El chiste radica, por supuesto, en el carácter puramente arbitrario de la fecha en que elegimos cambiar de calendario. Lo hacemos en ese momento como podríamos hacerlo en cualquier otro, como de hecho lo hacen otras culturas. No obstante, esa forma de organizar el tiempo atraviesa nuestras vidas y los últimos días de diciembre nos encuentran a casi todos haciendo balances y listas de lo mejor y lo peor del año, mientras que, en los primeros de enero, no podemos evitar la enumeración, siquiera mental, de propósitos y buenas intenciones, esos objetivos que –sí, esta vez sí– vamos a alcanzar.

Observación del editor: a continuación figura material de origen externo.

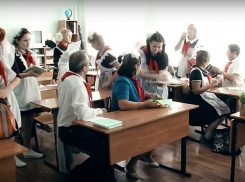 Умилительное видео о своем детстве сняли родители выпускников в Волжском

Otra especie de meme, la web HipDict –un “diccionario colaborativo” que toma conceptos conocidos y propone nuevas acepciones cargadas de ironía– compartió en estos días una entrada para Propósitos de año nuevo: “Metas poco realistas que compartes en las redes sociales para obtener el apoyo de amigos a los que nunca ves”. No suena muy equivocado: hay estadísticas que afirman que solo una de cada diez personas cumple lo que se propone a comienzos de año, y que casi el 42% se da por vencido antes de que acabe el mismo mes de enero.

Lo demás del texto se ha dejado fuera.